__What to do__
Write out the records word for word, with no pictures.

....

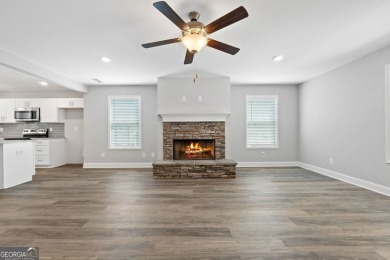 Discover this stunning 3-bedroom, 2.5-bath home with a spacious on Turtle Cove Golf Course in Georgia - for sale on GolfHomes.com, golf home, golf lot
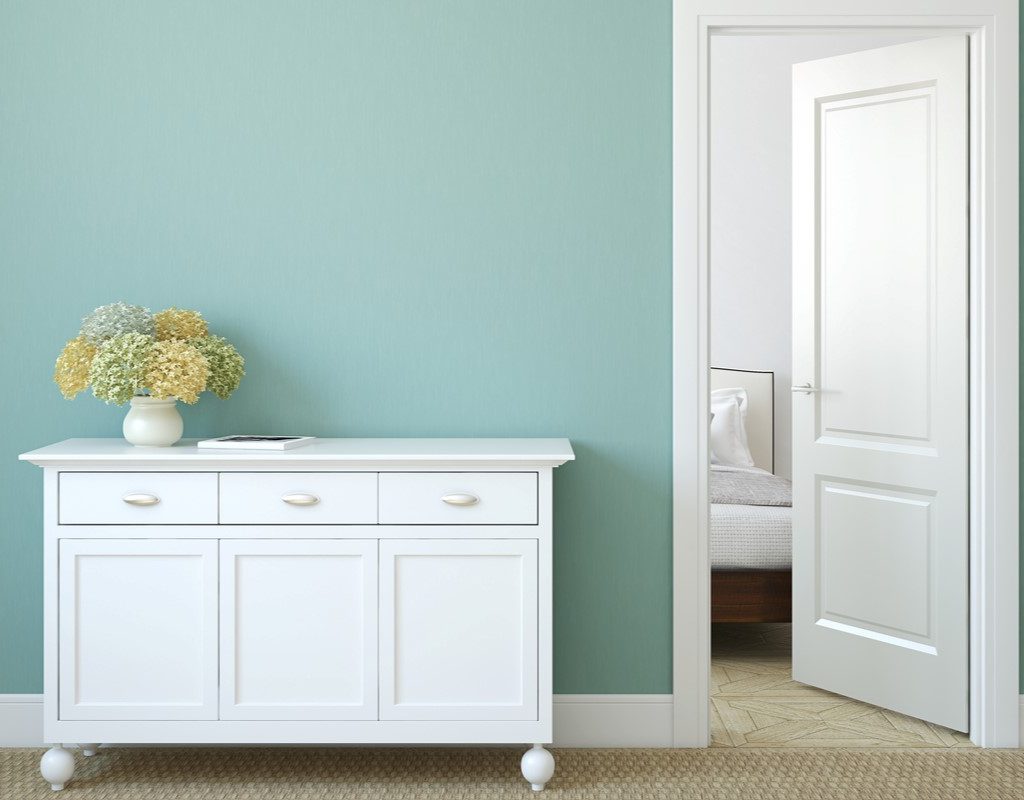 Light blue wall with white bedroom door, trim, and console table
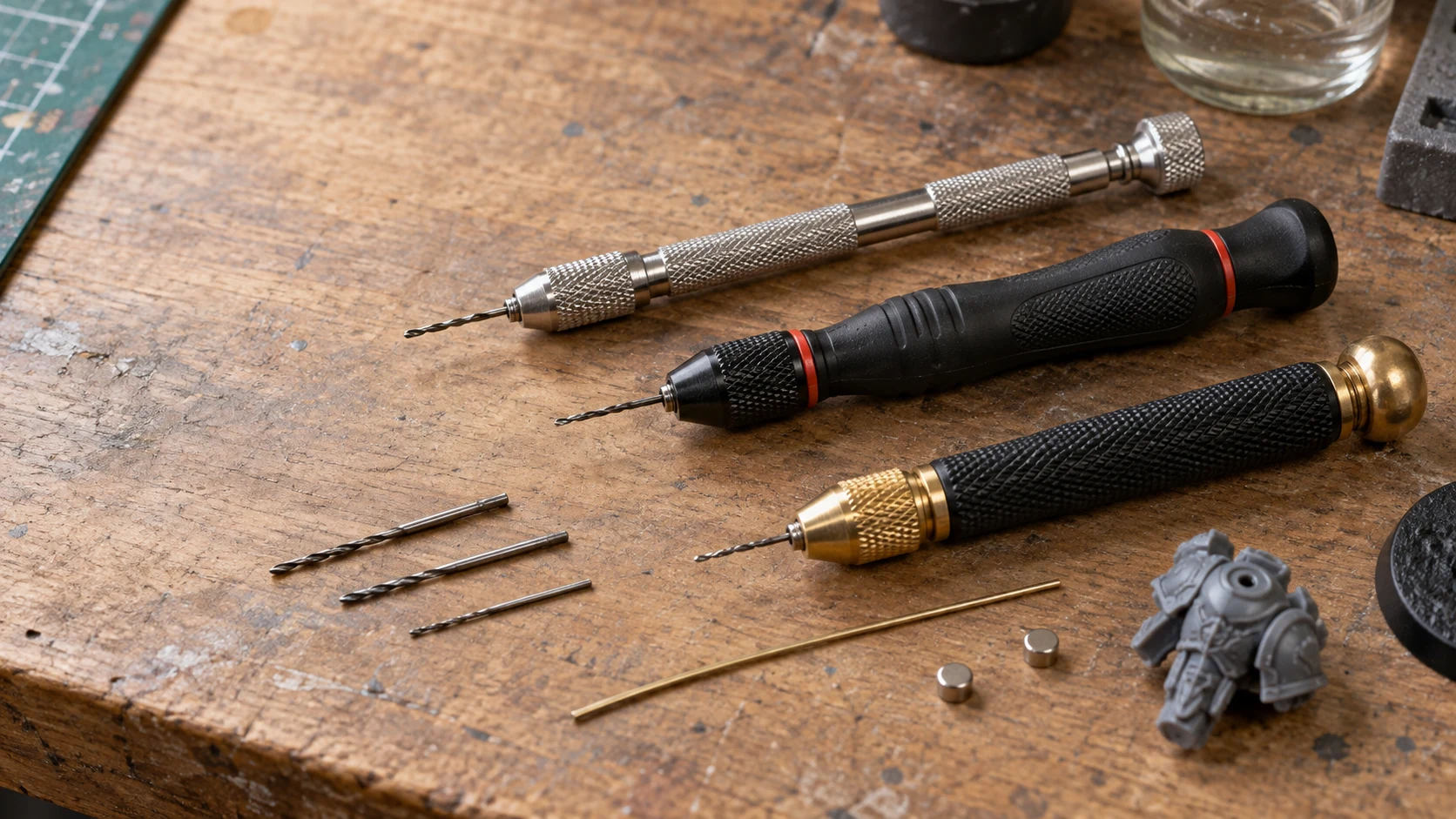 Three silver, black-and-red and black-and-brass manual pin vises with fine drill bits, pinning wire, magnets and a grey miniature part
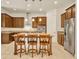 Kitchen with dark wood cabinets, granite countertops, stainless steel appliances, and a kitchen island at 14078 Alafaya Oak Bnd, Orlando, FL 32828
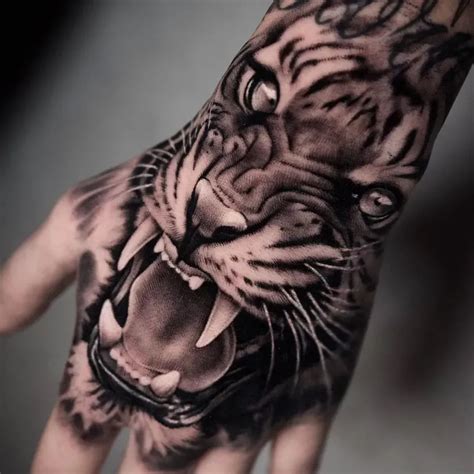 7 Best Tiger Hand Tattoo Ideas Tiger Hand Tattoo Tiger Tattoo Design Tiger Tattoo 7 Best Tiger Hand Tattoo Ideas Tiger Hand Tattoo Tiger Tattoo Design Tiger Tattoo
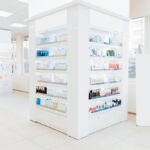 Empty drugstore chemist`s shop pharmacy without staff clients customers visitors with remedies, pills, medicines, goods, painkillers, jars on shelves.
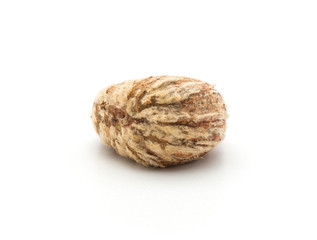 Peeled European chestnut one Spanish edible isolated on white background raw fresh brown nut.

....

__Output of the task__
 Discover this stunning 3-bedroom, 2.5-bath home with a spacious on Turtle Cove Golf Course in Georgia - for sale on GolfHomes.com, golf home, golf lot
 Light blue wall with white bedroom door, trim, and console table
 Three silver, black-and-red and black-and-brass manual pin vises with fine drill bits, pinning wire, magnets and a grey miniature part
 Kitchen with dark wood cabinets, granite countertops, stainless steel appliances, and a kitchen island at 14078 Alafaya Oak Bnd, Orlando, FL 32828
 7 Best Tiger Hand Tattoo Ideas Tiger Hand Tattoo Tiger Tattoo Design Tiger Tattoo 7 Best Tiger Hand Tattoo Ideas Tiger Hand Tattoo Tiger Tattoo Design Tiger Tattoo
 Empty drugstore chemist`s shop pharmacy without staff clients customers visitors with remedies, pills, medicines, goods, painkillers, jars on shelves.
 Peeled European chestnut one Spanish edible isolated on white background raw fresh brown nut.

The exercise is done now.